Although the majority of the government entities apply a common sense approach to Kansas Open Records Act (KORA) requests and costs; an unfortunate few use KORA fees as a barrier to transparency, and there is currently no recourse for citizens who believe the charges, or their treatment, are unfair.
For example, the Gardner-Edgerton School District charges fees for computer-generated reports – charging staff time and copy charges for information that should be readily available with a customized report and the push of a button in this computerized age. At this time, USD 231 will not provide electronic information, but instead require patrons pick up hard copies at the board office and make immediate payment. They do not accept credit cards. There is no refund policy.
Residents rarely report challenges when requesting records from the Spring Hill School District or the cities of Gardner, Edgerton and Spring Hill.
While USD 231 charges for most routine requests, they are not alone. While several Gardner area residents traveled to Topeka to testify before the Federal and State Affairs committee supporting Senate Bill 10 – a bill that would cap and set a uniform standard for KORA fees – residents also attended from northern Johnson County and Wichita.
Unfortunately, the number of taxpayer-funded lobbyists opposing the legislation outnumbered citizens – who traveled on their own dime – easily 10 to 1. The bill was tabled, but hopefully discussion will continue and a common sense compromise can be reached.
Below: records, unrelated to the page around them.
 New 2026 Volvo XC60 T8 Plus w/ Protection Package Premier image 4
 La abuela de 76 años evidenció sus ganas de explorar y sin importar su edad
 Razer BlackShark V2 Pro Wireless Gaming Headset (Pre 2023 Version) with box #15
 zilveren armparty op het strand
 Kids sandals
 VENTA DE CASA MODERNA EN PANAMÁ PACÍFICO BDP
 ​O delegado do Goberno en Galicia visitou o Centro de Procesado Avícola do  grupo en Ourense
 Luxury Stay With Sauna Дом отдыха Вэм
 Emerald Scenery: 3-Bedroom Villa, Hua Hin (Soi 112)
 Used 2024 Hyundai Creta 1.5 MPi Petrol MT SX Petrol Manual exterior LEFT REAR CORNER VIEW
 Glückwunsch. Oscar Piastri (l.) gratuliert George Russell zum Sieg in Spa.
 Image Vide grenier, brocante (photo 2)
There are several areas for discussion. We would like to see the following:
• A PRICE CAP be set on “fair and reasonable” fees, perhaps based on fair market value. Kinkos, a private for-profit business, makes paper copies for 25 cents, and this cost is inclusive of all overhead including salary and benefits.
• a PRICING CHART equally applicable to all. It appears some constituents are charged, others are not, and the pricing appears to be on a “rubber rate card.” Price chart should be readable, published and readily visible.
• an ITEMIZED ESTIMATE/INVOICE – government agencies should immediately provide a “good faith estimate” within 24 hours of receiving the request. If the request appears to be labor intensive. The “good faith estimate” should not be used by government agencies to extend the three-day answer period for requests.
• a GRIEVANCE PROCEDURE. Taxpayers who believe they are being priced out of KORA requests, or have other problems associated with obtaining KORA requests should have a grievance procedure both within, and outside, the government entity – perhaps the Government Ethics Commission or similar agency.
Our thanks to area residents who took time out of their schedules, paid their own way, and testified in favor of of the bill. A special thanks goes to Sen. Jake Laturner, who braved the scorn of paid lobbyists to introduce this bill on constituents’ behalf.Transparency is key to good government.
KORA should not be used as a barrier to providing the public information.